**WHAT TO DO**
Select the lines of the records containing the word "Print" and list them.

(Beginning of DATA EXTRACT)

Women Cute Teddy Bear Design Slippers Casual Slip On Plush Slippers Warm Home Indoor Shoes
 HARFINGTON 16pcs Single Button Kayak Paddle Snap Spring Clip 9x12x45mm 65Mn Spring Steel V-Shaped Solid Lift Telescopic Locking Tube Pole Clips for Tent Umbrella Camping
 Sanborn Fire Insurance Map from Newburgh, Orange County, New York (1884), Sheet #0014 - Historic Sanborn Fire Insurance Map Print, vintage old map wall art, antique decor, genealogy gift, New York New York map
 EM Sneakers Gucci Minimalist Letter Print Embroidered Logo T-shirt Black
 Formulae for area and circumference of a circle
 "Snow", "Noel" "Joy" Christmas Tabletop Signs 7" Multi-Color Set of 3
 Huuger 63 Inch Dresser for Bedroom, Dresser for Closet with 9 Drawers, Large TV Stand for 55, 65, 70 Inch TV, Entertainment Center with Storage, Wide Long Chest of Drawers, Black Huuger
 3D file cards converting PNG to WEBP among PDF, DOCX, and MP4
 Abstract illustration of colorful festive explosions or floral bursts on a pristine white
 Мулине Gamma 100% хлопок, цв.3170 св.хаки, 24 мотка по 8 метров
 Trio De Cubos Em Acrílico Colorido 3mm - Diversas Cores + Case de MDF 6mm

(End of DATA EXTRACT)

**SOLVED EXERCISE**
 Sanborn Fire Insurance Map from Newburgh, Orange County, New York (1884), Sheet #0014 - Historic Sanborn Fire Insurance Map Print, vintage old map wall art, antique decor, genealogy gift, New York New York map
 EM Sneakers Gucci Minimalist Letter Print Embroidered Logo T-shirt Black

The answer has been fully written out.